> What needs to be done: Without any pictures, retype exactly the lines that begin at the one holding "Oranje paardenraces ronde sticker (Voorkant)" and end at the last line of the data below.

> Data:
[Start of Attachment]

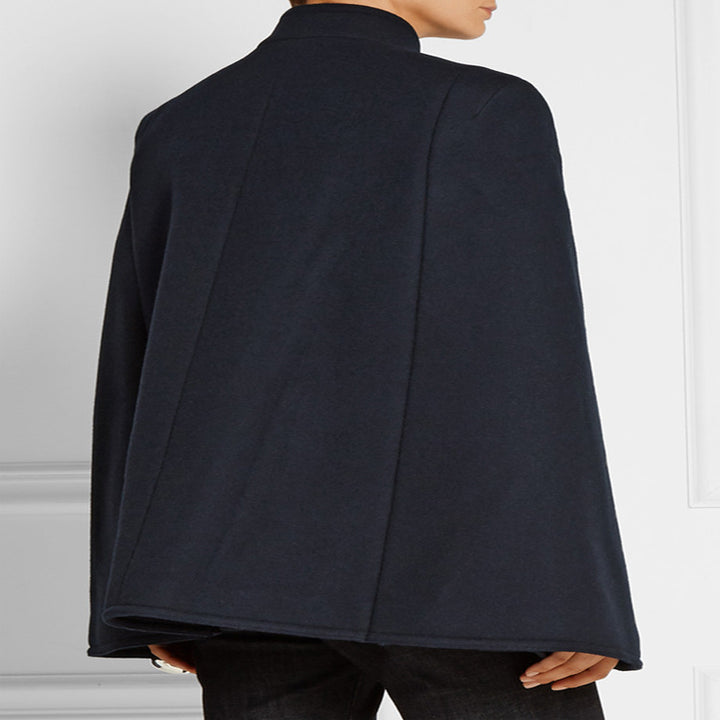 Damen Kurzer Cape-Mantel im Military‑Stil mit Doppelreihe und Stehkragen Echoarchiv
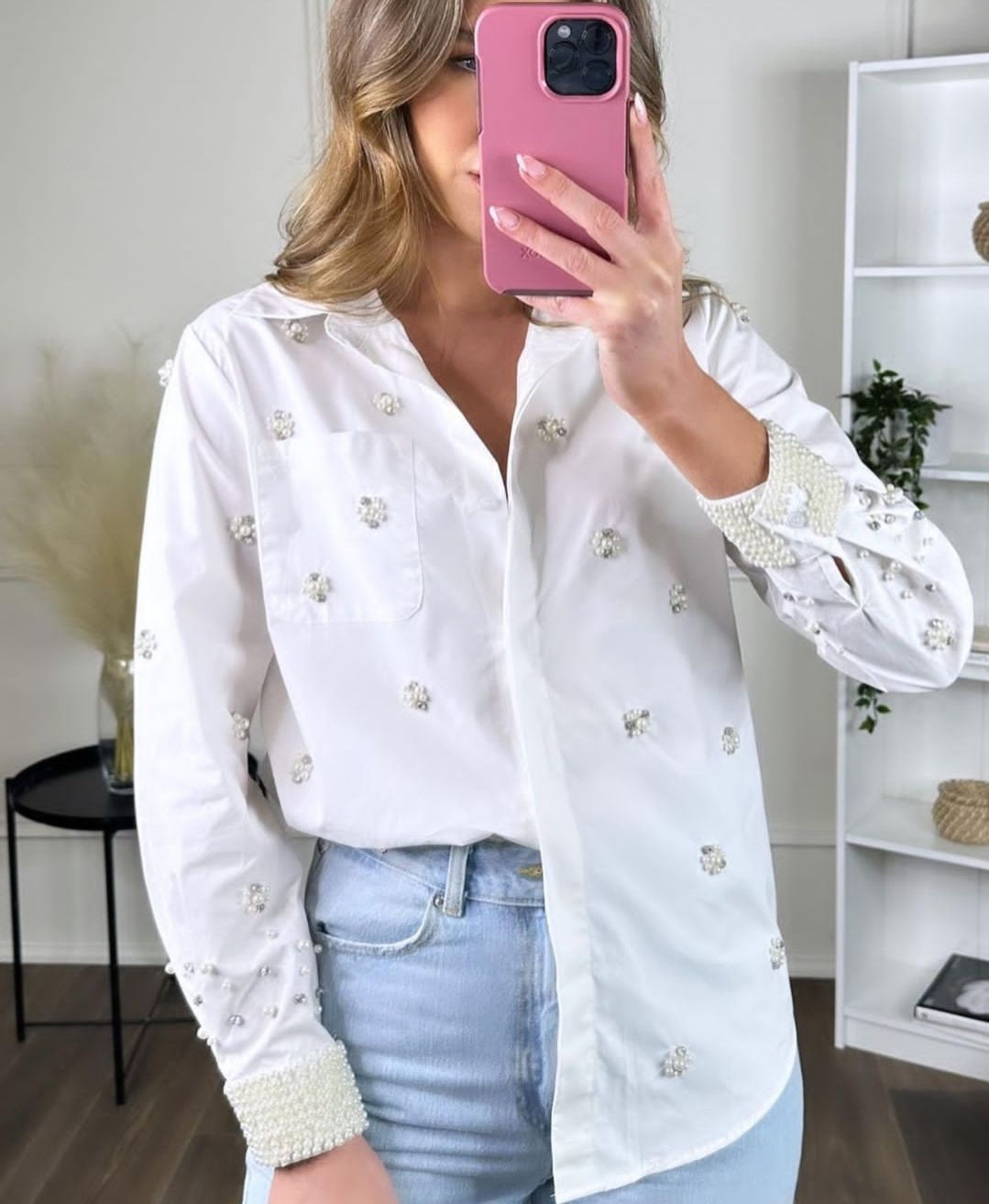 Flynn pearl embellished shirt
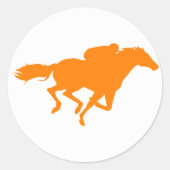 Oranje paardenraces ronde sticker (Voorkant)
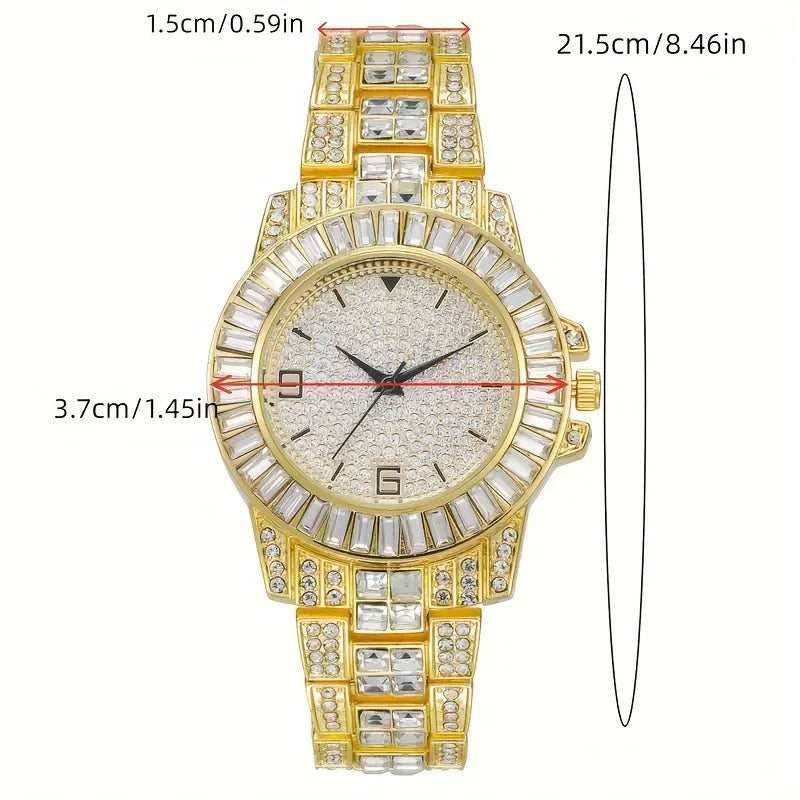 Men's Bling Jewelry Set: Gold Iced Out Watch + Cuban Link Chain + Bracelet, 3Pcs Hip Hop Set Qme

[End of Attachment]

> Response to the task:
 Oranje paardenraces ronde sticker (Voorkant)
 Men's Bling Jewelry Set: Gold Iced Out Watch + Cuban Link Chain + Bracelet, 3Pcs Hip Hop Set Qme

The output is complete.